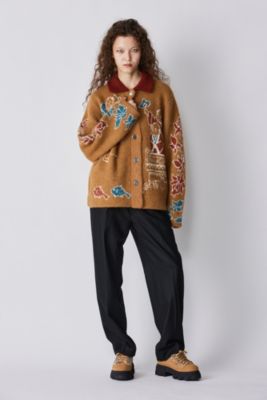 ③新品未使用 YANYAN TERI FAFA WORK JACKET 森星着用 YANYAN(ヤンヤン)のLAZA WORK JACKET通販 | mirabella（ミラベラ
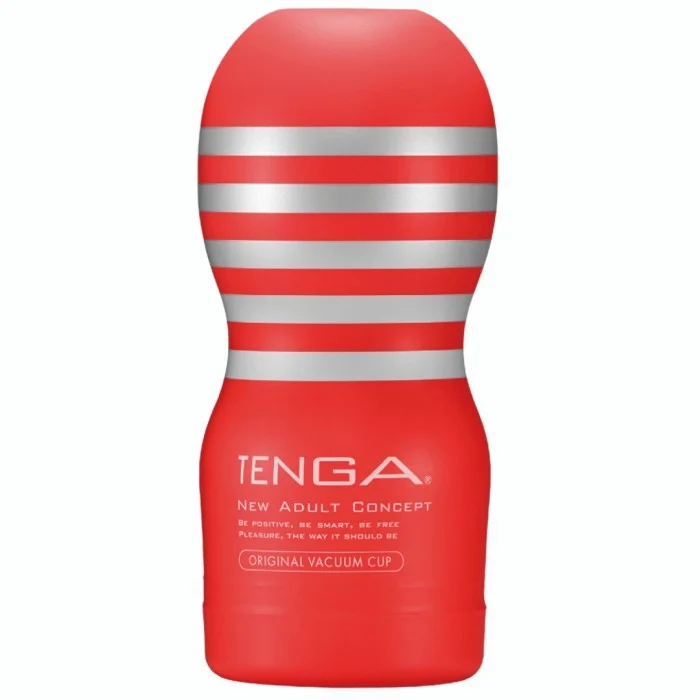 TENGA Original Vacuum Cup Red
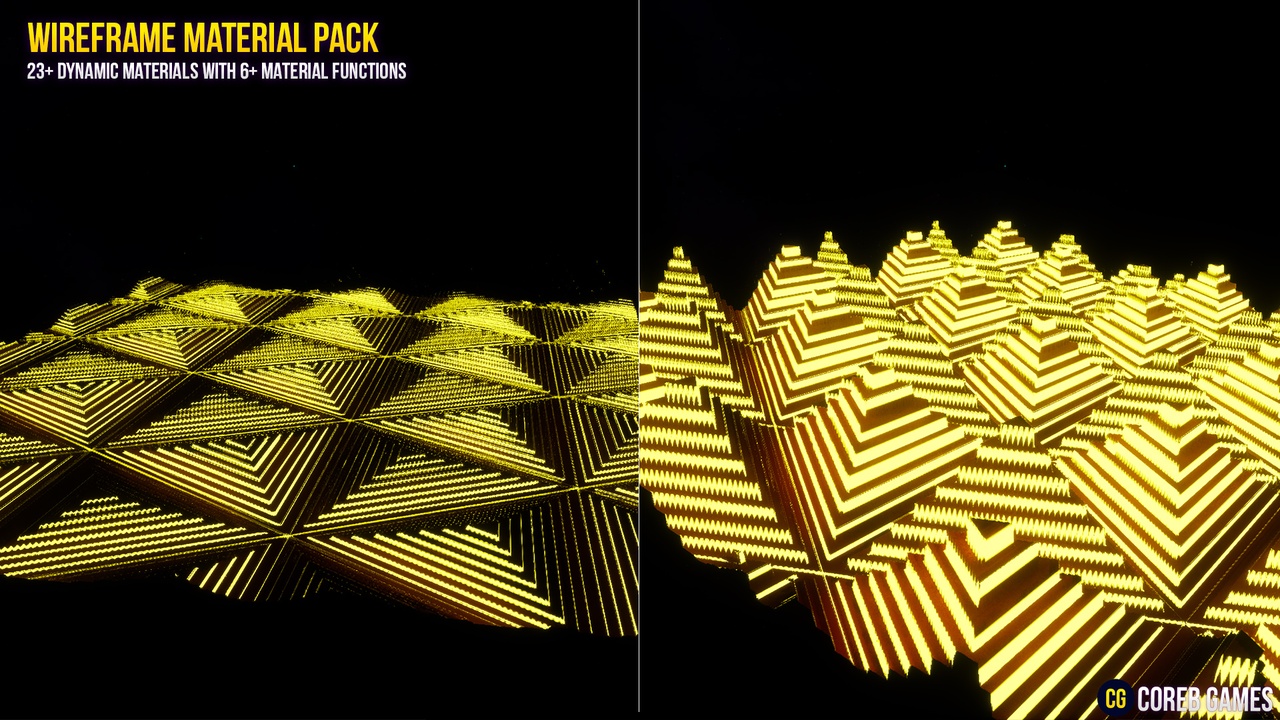 Media 1 for listing Wireframe Material Pack 2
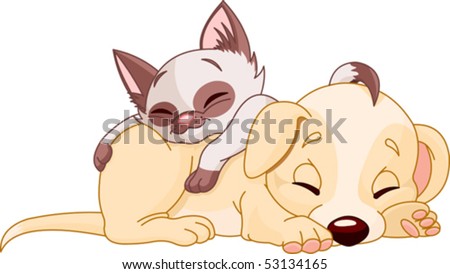 stock vector : Cute Puppy and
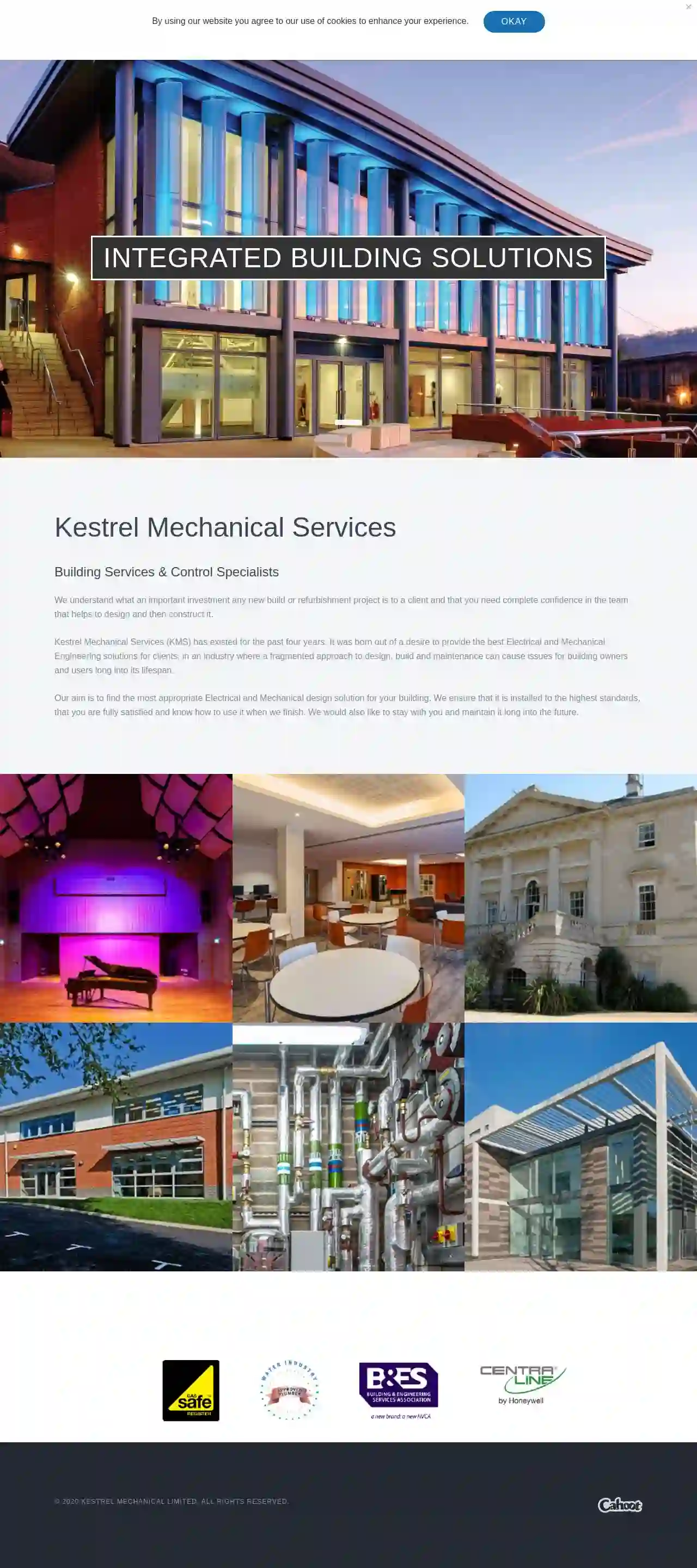 Kestrel Mechanical Services Ltd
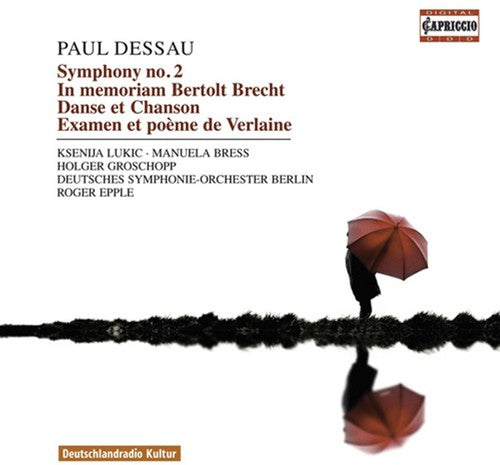 the album cover for E. Wellesz - Symphony No 2 in Memorian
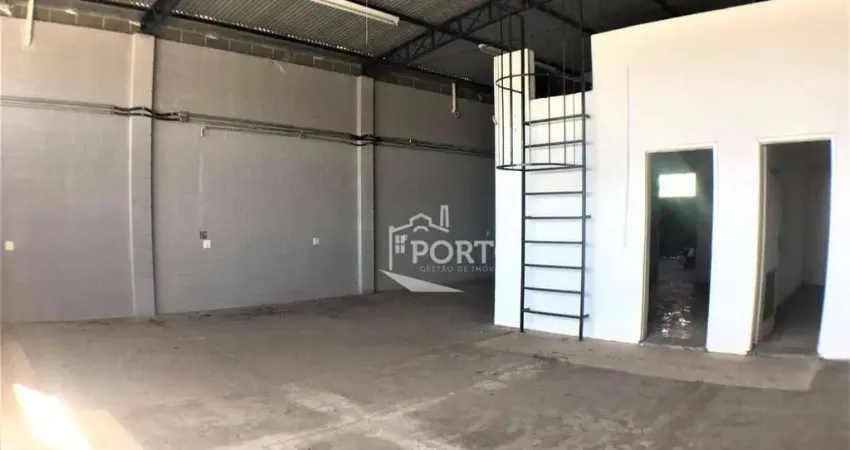 Ponto comercial barracão para alugar no bairro higenópolis em piracicaba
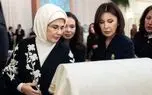 امینه اردوغان در کاخ ریاست جمهوری «شوی لباس» راه انداخت | عکس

────────────────────

_TASK DETAILS_
Everything from the line containing "TENGA Original Vacuum Cup Red" to the final line of the listing above, both ends included, should be transcribed word for word, except for the pictures.

_PROBLEM SOLUTION_
 TENGA Original Vacuum Cup Red
 Media 1 for listing Wireframe Material Pack 2
 stock vector : Cute Puppy and
 Kestrel Mechanical Services Ltd
 the album cover for E. Wellesz - Symphony No 2 in Memorian
 Ponto comercial barracão para alugar no bairro higenópolis em piracicaba
 امینه اردوغان در کاخ ریاست جمهوری «شوی لباس» راه انداخت | عکس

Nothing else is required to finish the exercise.